NovelToon NovelToon

Takdir Cinta

Bab 1 Perjodohan

Suasana mencekam dirasakan oleh ketiga orang yang saat ini tengah berada dalam sebuah rumah besar berlantai dua itu. Perdebatan diantara mereka kembali terdengar semenjak kemarin saat mereka kedatangan tamu penting mereka.

''Mau tak mau kamu harus menikah dengannya, Ana. Papa tak mau mendengar penolakan darimu,'' bentak seorang laki-laki paruh baya kepada putri semata wayangnya. Saat ini mereka tengah berada di meja makan setelah menikmati makan malam bersama. Setelah mengatakan itu, Laki-laki itu pun meninggalkan meja makan dengan raut wajah yang menyeramkan.

Ana. Lebih tepatnya Isyana Mega Soraya, yang biasa dipanggil Ana. Putri semata wayang dari pasangan Guntur Soraya dan Mega Puri Harjasa. Putri cantik yang terlahir di tengah-tengah keluarga yang menjunjung tinggi harkat dan martabat manusia. Guntur Soraya merupakan seorang Walikota Surabaya. Tahun ini merupakan tahun terakhirnya menjabat di periode pertama. Ia berencana mencalonkan dirinya kembali menjadi Walikota Surabaya.
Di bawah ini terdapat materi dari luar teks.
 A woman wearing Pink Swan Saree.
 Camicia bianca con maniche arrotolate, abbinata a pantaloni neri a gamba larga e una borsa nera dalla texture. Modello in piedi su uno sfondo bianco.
Namun untuk mencapai itu, Guntur memerlukan sokongan dari berbagai pihak. Salah satunya dari salah satu sahabatnya yang merupakan seorang pengusaha tambang batubara yang sangat sukses. Untuk mencapai tujuan bersama, Baik Guntur dan sahabatnya itu menjodohkan putra-putrinya agar memperkuat tali persaudaraan mereka.

Kemarin malam merupakan pertemuan pertama bagi keluarga Ana dan juga keluarga Calon suaminya. Betapa terkejutnya saat Anda mengetahui siapa orang yang akan dijodohkan padanya nanti.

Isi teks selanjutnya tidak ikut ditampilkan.